**Exercise directions:** Leaving all pictures aside, copy exactly the lines from the start of the listing below through the line that contains "Kleines Badezimmer mit", and only those lines.

**Provided records:**
============================================================

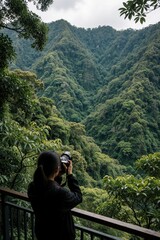 Obraz premium Young woman photographer uses digital camera to take photo of green mountains. Female traveler explores forest landscape, scenic wilderness. Hobbyist captures nature views from wooden balcony in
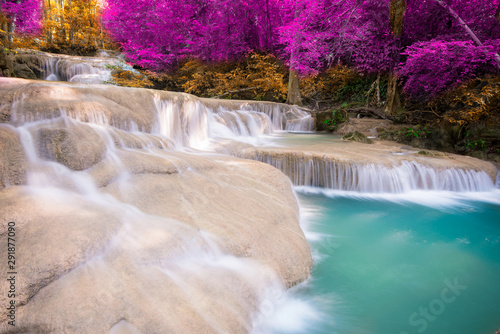 Amazing in nature, beautiful waterfall at colorful autumn forest in fall season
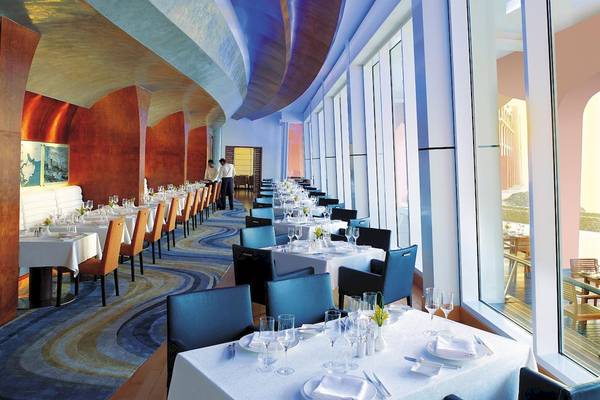 Restaurant im Shangri-La Al Husn Resort & Spa mit gedeckten Tischen und Blick auf die Außenterrasse.
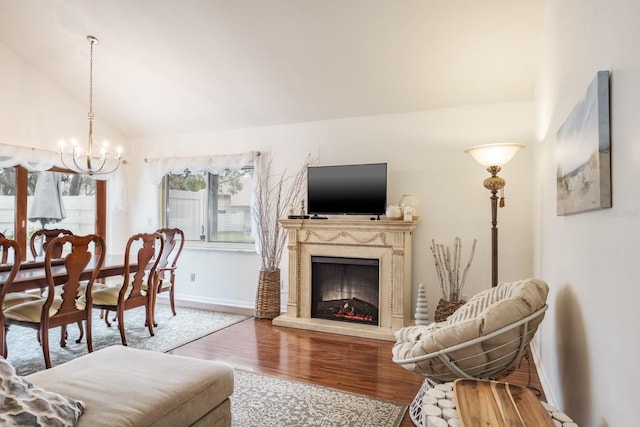 living room featuring a chandelier, lofted ceiling, and hardwood / wood-style flooring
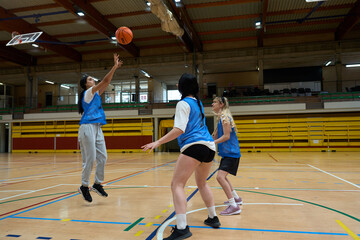 Female basketball players competing in indoor court game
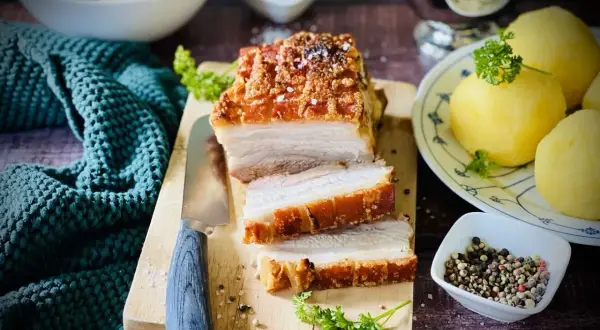 Ein saftiger Schweinebraten mit knuspriger Kruste, auf einem Holzbrett angeschnitten, daneben Klöße und Soße.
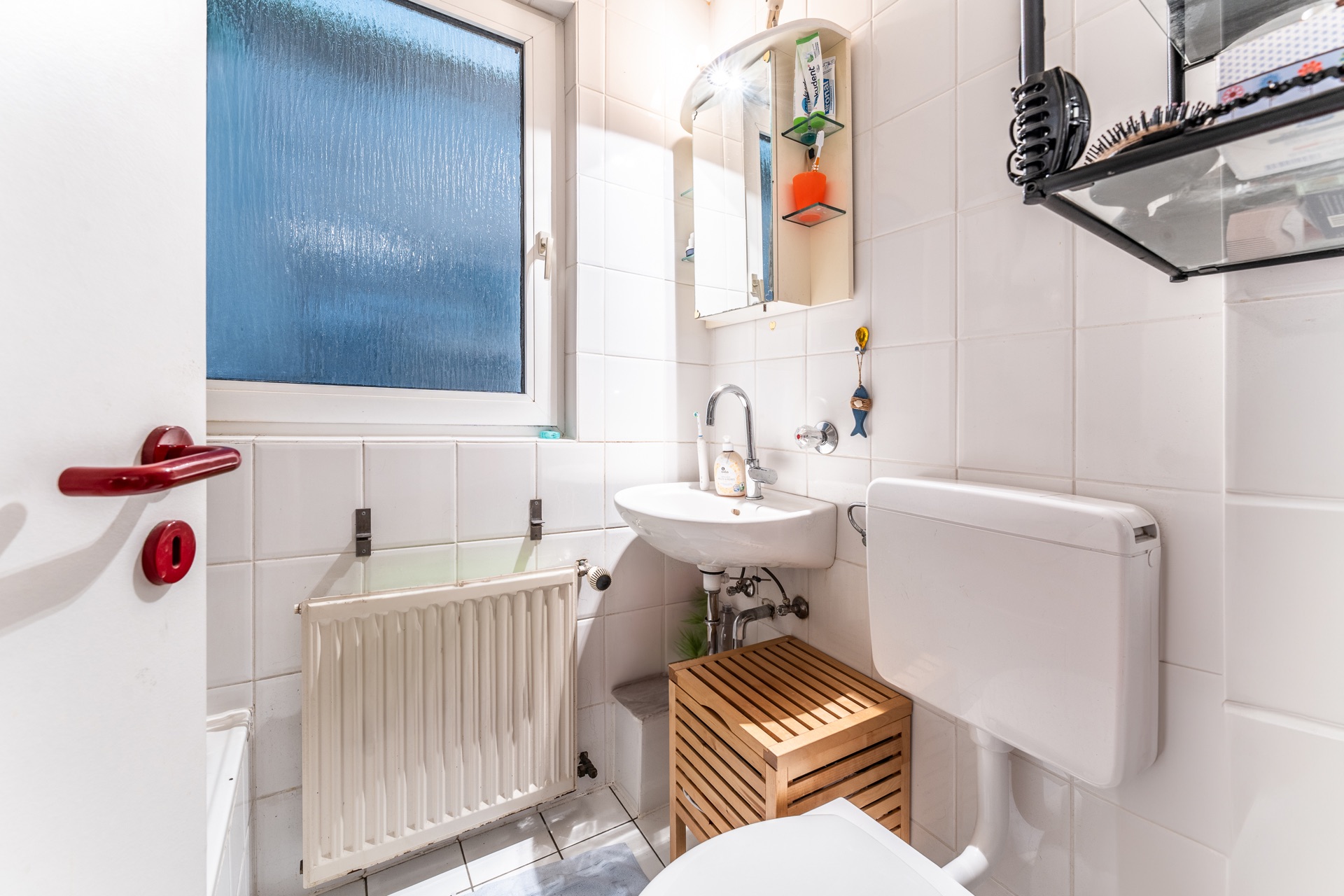 Kleines Badezimmer mit Waschbecken, Toilette, Fenster und Spiegel über dem Waschbecken.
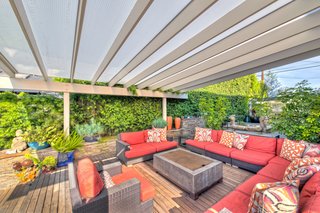 On the Market For $4.5M, This Venice Beach Compound Captures the Essence of Indoor-Outdoor Living - Photo 1 of 8 - The interiors of the 3,200-square-foot main house have been decked out with attention to high-quality construction and first-rate architectural details. The open cook's kitchen features a built-in dining area and breezy outdoor access. 
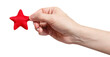 Male hand holding a red small star, cut out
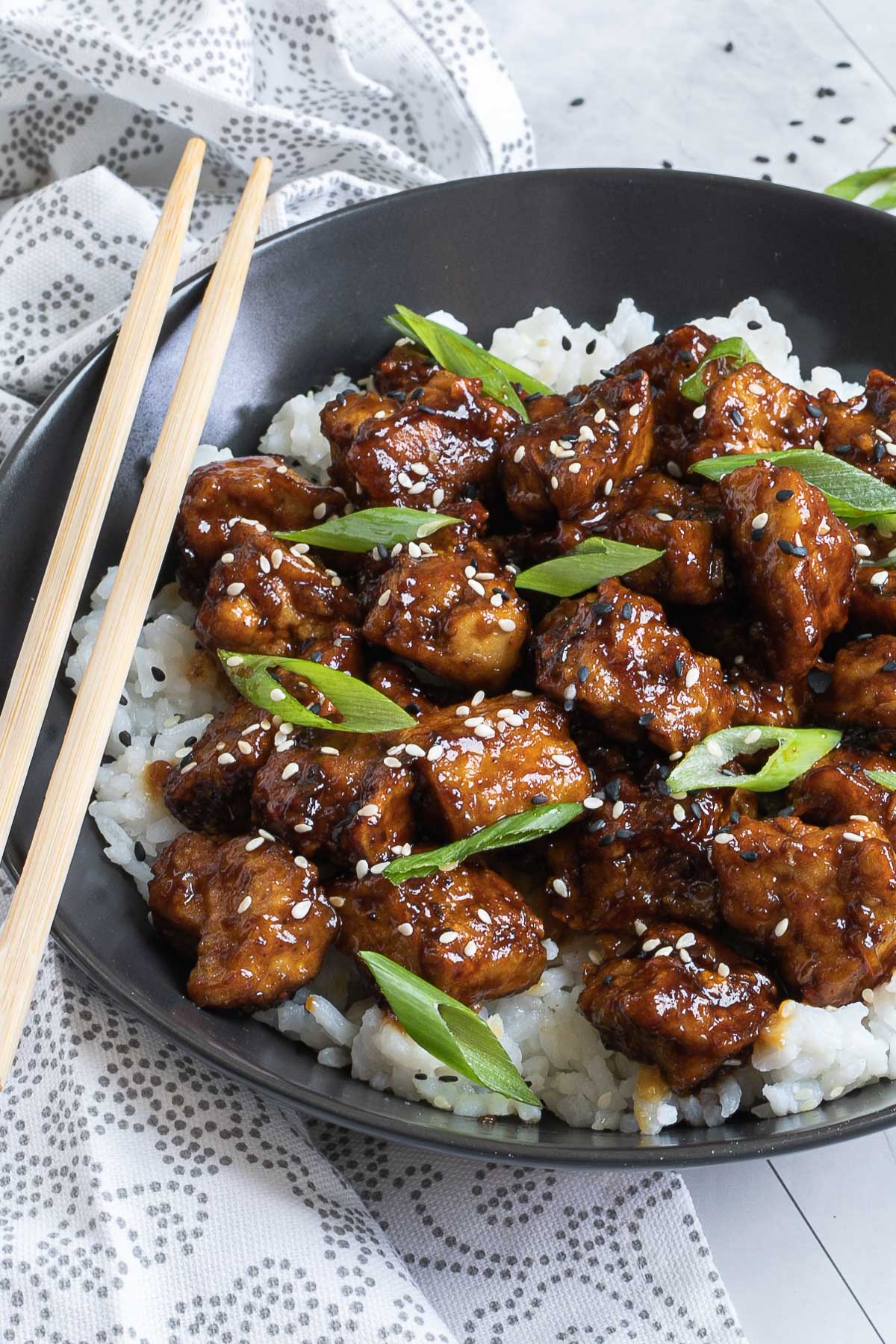Brown sticky tofu pieces served on top of white rice on a black plate. It is sprinkled with black and white sesame seeds and scallion.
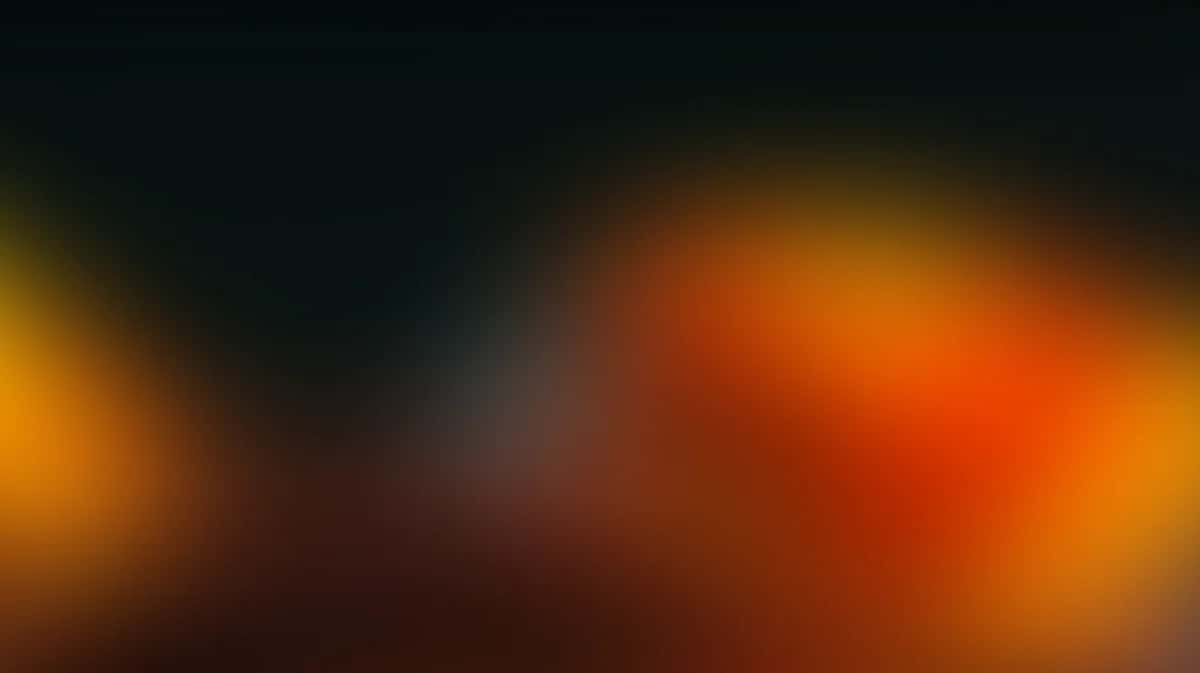 Abstract gradient background with warm orange and yellow tones fading to dark charcoal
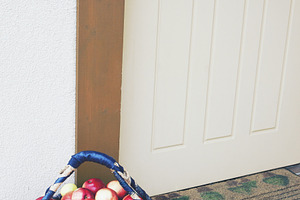 Basket of fresh apples at doorway, a Food & Drink Photo by BOOCYS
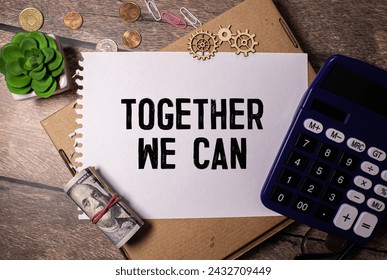 text Together we can two wooden blocks on a wooden background.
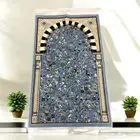 سجادات بتصميم الروضة الشريفة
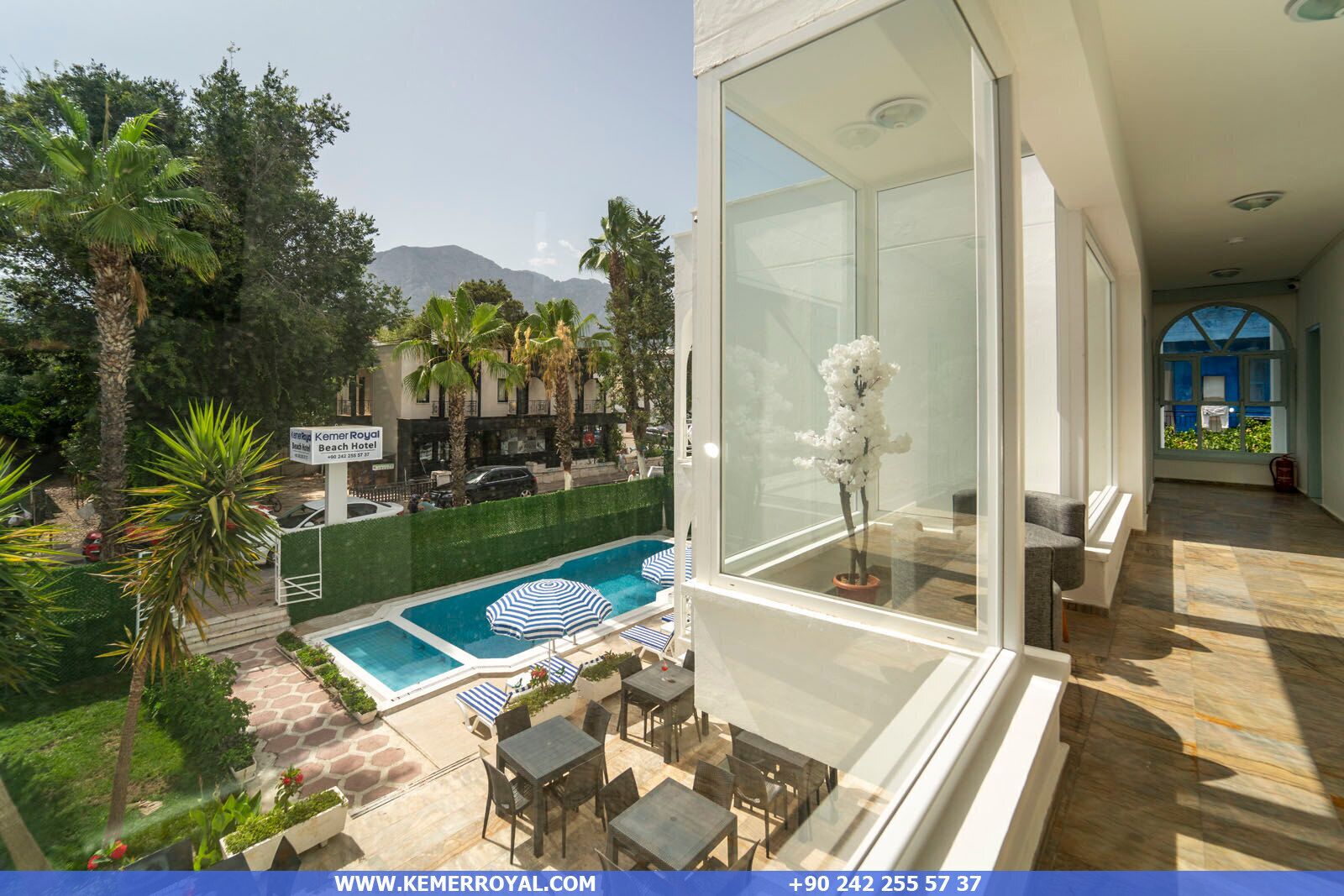 Deluxe Double Room, Balcony, Pool View | Pool | Seasonal outdoor pool, open 8:00 AM to 7:00 PM, pool umbrellas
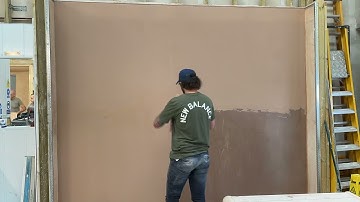 Plastering trainee showing off his NEW trowel skills.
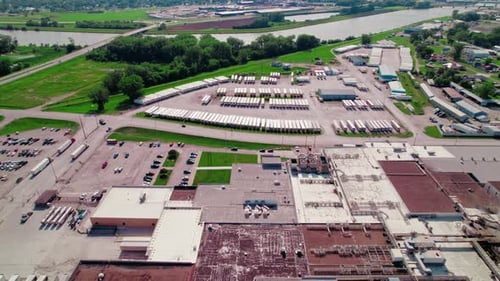 Aerial view showing semi trucks on the road and a large parking lot filled with trailers, alongside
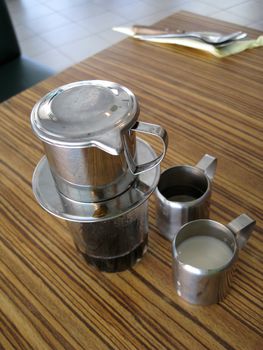 a fresh brewing coffee in a glass.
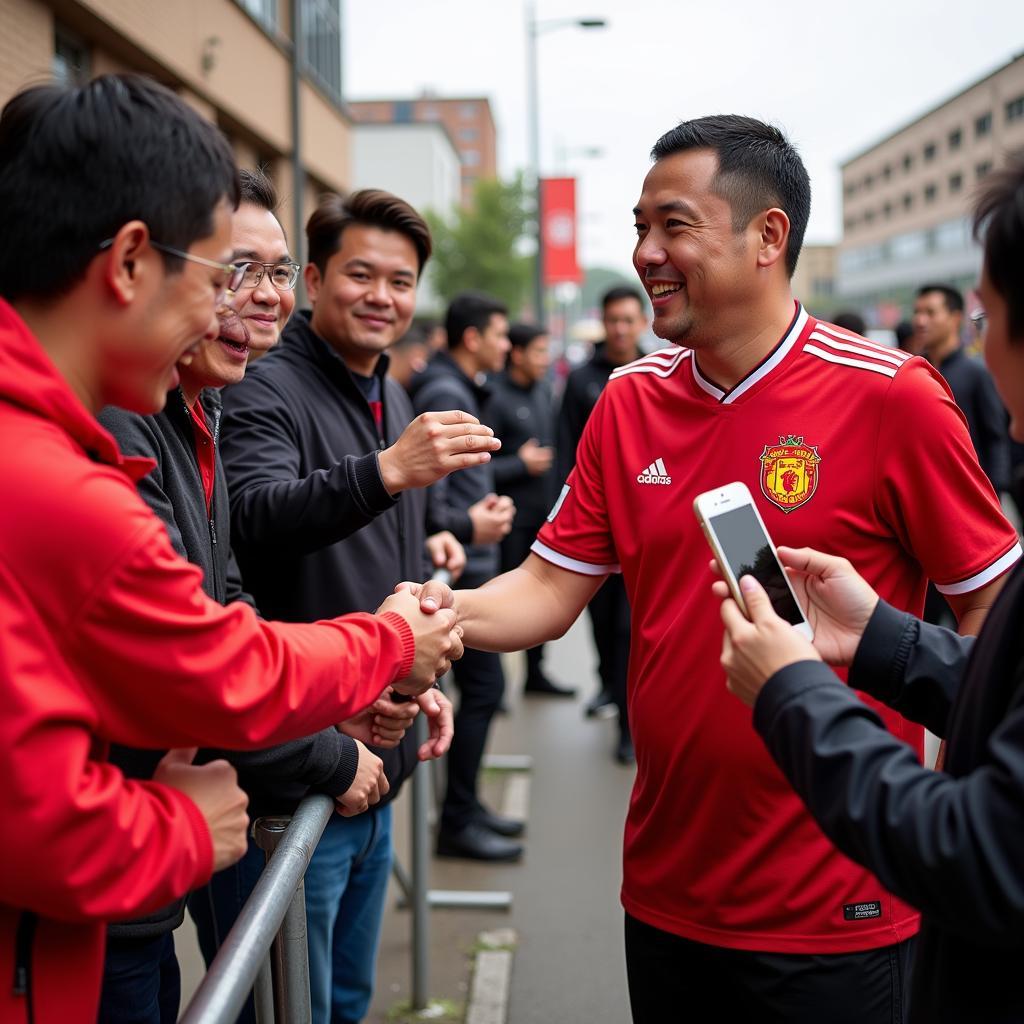 Chi Dân interacting with football fans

============================================================

**Answer to the problem:**
 Obraz premium Young woman photographer uses digital camera to take photo of green mountains. Female traveler explores forest landscape, scenic wilderness. Hobbyist captures nature views from wooden balcony in
 Amazing in nature, beautiful waterfall at colorful autumn forest in fall season
 Restaurant im Shangri-La Al Husn Resort & Spa mit gedeckten Tischen und Blick auf die Außenterrasse.
 living room featuring a chandelier, lofted ceiling, and hardwood / wood-style flooring
 Female basketball players competing in indoor court game
 Ein saftiger Schweinebraten mit knuspriger Kruste, auf einem Holzbrett angeschnitten, daneben Klöße und Soße.
 Kleines Badezimmer mit Waschbecken, Toilette, Fenster und Spiegel über dem Waschbecken.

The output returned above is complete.